Maybe it was their irrational passionate intensity. Maybe it was their unnecessarily unrelenting loud and cracking voices. Maybe it was their insistence that the best way to make their lives better was to shout us down.
And just like that I laughed. It came from a very unidentifiable, wholesome place. At first it was a shudder. The air was starting to escape. At first a few bubble of spit. I could hold it no more. I burst out laughing in the face of stupid. I laughed and I laughed and I laughed.
There is a look in the eyes of Absolutists when the right amygdala region of their brain is outputting so much excess threat response, that you can see the adrenaline reaction plunging them into a deep barbaric state.
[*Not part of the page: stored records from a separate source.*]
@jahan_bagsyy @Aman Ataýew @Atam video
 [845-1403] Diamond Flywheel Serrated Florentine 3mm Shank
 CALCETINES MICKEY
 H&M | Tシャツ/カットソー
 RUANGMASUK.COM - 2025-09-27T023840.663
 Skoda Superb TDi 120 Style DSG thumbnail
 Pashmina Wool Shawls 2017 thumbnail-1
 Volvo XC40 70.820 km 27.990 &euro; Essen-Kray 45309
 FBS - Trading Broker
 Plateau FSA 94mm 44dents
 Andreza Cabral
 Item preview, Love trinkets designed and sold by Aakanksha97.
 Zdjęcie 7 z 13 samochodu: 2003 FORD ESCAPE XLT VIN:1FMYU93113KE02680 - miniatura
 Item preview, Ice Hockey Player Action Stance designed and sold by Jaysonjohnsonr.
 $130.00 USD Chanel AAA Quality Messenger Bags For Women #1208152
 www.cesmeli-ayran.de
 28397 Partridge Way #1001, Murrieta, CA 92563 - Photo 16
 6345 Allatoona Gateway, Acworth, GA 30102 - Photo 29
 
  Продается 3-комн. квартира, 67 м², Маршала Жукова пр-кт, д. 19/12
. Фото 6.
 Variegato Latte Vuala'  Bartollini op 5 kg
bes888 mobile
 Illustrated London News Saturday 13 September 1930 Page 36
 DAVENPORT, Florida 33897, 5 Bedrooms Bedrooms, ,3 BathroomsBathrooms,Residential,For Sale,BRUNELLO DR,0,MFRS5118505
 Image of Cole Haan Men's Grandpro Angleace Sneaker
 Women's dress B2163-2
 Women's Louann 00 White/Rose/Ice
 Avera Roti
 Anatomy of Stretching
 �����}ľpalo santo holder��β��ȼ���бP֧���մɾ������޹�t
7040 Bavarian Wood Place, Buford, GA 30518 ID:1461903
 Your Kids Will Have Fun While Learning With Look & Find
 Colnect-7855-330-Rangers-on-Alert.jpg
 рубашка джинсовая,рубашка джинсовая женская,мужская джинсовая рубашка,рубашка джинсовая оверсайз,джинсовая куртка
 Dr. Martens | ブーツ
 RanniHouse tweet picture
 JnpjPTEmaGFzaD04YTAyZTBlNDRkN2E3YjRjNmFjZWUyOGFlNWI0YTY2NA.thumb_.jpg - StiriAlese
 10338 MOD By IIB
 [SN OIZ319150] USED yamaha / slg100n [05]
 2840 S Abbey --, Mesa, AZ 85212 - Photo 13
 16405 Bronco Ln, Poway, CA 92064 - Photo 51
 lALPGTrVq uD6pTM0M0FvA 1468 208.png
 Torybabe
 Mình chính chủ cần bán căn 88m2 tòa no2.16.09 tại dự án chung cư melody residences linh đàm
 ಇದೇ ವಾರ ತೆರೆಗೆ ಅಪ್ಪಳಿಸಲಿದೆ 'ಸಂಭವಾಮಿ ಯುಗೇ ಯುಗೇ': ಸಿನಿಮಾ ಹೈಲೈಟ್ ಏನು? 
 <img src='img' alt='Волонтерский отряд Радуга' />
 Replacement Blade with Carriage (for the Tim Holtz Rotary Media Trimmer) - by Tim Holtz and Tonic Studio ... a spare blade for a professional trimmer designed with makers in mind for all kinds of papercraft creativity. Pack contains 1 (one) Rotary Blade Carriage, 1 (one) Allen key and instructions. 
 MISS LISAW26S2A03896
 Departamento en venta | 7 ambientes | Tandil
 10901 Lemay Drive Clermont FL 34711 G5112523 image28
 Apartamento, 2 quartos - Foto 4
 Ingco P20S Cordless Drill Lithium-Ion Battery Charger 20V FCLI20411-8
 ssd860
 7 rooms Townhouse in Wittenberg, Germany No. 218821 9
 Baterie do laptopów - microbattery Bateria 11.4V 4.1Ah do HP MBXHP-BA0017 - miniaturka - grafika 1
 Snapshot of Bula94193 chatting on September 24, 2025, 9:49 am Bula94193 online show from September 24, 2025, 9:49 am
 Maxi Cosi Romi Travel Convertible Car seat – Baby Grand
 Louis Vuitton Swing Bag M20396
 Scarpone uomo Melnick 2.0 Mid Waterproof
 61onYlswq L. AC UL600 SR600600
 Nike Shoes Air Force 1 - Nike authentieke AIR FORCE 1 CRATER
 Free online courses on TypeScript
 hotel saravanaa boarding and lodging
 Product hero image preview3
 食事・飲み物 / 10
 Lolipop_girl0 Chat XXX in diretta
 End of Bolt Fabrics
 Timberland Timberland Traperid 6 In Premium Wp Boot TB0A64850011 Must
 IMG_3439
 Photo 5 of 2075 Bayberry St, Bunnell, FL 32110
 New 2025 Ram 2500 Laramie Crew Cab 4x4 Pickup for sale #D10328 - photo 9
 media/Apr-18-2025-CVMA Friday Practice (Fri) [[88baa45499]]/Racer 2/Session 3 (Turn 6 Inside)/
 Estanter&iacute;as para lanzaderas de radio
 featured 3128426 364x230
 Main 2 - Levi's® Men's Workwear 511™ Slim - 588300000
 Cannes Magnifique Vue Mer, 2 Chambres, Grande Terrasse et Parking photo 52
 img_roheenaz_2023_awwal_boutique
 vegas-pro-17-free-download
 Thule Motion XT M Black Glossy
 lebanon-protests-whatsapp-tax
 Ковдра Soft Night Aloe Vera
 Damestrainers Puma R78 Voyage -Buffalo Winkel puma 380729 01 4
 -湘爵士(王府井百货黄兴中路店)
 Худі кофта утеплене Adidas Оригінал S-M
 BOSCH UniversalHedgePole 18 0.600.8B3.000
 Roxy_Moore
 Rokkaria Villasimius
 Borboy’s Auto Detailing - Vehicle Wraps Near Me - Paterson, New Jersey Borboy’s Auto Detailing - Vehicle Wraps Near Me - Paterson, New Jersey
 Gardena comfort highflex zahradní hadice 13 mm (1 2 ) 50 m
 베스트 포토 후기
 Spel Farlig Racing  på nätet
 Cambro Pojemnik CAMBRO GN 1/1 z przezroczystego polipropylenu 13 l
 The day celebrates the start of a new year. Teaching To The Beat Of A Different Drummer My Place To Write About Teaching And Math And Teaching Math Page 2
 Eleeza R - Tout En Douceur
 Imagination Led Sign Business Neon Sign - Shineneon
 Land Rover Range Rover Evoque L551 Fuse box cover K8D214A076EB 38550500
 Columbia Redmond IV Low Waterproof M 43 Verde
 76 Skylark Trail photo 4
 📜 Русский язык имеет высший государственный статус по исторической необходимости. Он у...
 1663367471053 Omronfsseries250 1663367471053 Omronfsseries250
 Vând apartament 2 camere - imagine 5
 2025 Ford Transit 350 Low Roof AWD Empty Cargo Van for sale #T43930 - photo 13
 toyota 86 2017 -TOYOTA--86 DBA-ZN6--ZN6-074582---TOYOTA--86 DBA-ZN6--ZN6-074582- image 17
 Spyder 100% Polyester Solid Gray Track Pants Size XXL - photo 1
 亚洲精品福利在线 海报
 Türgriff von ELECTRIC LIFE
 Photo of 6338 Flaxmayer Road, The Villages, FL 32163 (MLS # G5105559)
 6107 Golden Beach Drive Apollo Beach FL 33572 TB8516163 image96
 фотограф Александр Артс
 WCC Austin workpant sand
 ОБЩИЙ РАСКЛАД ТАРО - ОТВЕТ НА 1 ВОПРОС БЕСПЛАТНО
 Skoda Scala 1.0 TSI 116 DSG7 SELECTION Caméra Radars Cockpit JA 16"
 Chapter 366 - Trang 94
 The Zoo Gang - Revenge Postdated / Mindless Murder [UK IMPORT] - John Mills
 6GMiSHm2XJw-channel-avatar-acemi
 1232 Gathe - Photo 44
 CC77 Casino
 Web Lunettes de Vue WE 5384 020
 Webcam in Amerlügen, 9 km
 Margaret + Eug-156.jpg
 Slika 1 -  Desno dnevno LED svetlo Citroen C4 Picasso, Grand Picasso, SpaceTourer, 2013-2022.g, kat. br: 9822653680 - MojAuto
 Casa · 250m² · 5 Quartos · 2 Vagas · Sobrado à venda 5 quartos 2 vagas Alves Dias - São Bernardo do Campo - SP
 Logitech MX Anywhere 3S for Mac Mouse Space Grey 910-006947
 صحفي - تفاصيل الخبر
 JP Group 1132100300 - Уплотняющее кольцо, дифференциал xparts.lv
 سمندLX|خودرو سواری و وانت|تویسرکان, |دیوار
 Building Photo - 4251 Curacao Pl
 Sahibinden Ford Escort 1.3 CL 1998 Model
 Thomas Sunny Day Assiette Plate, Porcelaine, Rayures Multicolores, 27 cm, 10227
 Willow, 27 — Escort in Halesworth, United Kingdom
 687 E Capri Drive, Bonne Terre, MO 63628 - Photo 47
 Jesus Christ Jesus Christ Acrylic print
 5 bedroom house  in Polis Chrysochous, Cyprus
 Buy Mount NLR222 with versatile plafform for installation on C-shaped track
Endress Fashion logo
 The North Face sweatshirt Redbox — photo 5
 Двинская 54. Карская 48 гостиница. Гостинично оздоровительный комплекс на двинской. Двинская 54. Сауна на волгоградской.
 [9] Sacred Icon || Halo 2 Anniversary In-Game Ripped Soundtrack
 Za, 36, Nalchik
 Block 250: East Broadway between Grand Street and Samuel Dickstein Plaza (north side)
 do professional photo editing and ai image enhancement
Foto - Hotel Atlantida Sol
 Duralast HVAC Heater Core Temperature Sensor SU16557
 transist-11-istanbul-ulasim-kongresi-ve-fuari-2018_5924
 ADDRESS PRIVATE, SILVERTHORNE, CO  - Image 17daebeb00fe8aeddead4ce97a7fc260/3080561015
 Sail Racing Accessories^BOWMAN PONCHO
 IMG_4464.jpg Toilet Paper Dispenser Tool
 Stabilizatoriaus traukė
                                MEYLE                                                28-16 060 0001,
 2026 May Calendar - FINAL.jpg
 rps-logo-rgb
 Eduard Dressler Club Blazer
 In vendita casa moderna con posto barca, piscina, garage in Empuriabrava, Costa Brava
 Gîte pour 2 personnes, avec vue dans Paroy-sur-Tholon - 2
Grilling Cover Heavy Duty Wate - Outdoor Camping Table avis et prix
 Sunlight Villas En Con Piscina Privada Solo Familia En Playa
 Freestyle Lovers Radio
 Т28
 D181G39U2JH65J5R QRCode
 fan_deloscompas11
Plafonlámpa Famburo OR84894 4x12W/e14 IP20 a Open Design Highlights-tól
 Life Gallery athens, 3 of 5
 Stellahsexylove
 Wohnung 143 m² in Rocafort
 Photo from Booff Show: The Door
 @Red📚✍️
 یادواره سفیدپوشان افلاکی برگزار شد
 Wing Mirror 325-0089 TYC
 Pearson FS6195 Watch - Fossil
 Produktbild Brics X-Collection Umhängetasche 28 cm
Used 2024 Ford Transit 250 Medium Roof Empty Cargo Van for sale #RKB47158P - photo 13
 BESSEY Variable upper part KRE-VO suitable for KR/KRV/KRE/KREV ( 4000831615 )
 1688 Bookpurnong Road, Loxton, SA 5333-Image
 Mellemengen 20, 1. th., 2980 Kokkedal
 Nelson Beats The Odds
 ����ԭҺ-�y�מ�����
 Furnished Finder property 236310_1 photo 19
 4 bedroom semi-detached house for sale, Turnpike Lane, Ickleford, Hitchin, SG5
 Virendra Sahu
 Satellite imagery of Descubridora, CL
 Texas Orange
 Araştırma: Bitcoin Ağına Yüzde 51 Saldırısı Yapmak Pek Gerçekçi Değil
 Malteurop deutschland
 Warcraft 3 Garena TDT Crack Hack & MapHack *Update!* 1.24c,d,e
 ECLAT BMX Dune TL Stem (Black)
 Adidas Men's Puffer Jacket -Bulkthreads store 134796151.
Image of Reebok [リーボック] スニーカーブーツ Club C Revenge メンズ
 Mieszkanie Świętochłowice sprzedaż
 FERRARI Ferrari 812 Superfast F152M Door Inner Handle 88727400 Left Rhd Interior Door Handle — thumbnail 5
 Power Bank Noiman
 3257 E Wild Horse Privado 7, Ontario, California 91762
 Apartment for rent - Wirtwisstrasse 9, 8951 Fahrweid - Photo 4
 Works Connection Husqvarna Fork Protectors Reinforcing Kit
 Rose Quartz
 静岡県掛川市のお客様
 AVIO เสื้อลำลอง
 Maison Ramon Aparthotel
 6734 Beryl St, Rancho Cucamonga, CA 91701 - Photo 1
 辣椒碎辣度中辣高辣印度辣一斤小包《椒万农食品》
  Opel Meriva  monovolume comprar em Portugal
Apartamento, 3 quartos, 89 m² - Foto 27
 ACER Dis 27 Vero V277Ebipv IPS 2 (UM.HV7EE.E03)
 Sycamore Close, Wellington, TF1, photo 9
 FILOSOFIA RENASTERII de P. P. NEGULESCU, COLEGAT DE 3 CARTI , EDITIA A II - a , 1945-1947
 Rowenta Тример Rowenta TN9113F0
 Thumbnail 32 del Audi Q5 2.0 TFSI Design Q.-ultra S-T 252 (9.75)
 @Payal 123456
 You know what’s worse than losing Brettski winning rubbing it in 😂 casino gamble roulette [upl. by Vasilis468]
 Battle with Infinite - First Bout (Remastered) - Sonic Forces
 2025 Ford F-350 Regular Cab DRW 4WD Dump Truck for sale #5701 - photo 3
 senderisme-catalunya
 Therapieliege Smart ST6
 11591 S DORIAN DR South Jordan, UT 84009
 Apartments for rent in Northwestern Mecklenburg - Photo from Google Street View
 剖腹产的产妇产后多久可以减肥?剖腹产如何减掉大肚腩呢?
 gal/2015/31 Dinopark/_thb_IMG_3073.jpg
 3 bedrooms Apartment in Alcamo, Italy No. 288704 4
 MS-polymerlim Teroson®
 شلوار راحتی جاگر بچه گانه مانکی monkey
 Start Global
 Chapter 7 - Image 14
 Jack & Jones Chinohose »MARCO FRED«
Just as a placard that read “No Communists / Down with Agranistas” was rising to come down on my head, a trio of black and whites rolled up.
“Hey. hey, hey.”
When the night sticks came out, peace was restored. No contact. No arrests. Just a warning to the Absolutists… and a request to clean up their mess and disperse, which they did chattering slogans into their cars. I was lucky I wasn’t beaten.
Thirty years later, the Absolutists found a leader. Only he can fix it. I take Absolutists more seriously, now. But still I laugh. I know I shouldn’t, but I can’t stop.
Which reminds me…
An Absolutist visits a Pluralist for a digital exam. The Pluralist puts on his latex glove, lubricates his probing finger, and tells the Absolutist to bend over. With that, the Pluralist inserts his finger into the Absolutist’s rectum and begins exploring… deeper and wider… searching for something grave, twirling his finger until, with a flourish, he pulls a bouquet of flowers straight out of the Absolutist’s ass. Bursting with gorgeous pink roses, lavender carnations, stargazer lilies, and baby’s breath, it brings delight with every detail.
“Holy, shit,” the Absolutist says, “Where did those come from?”
“I don’t know,” says the Pluralist, searching through the flowers with his ungloved hand. “There’s no card.”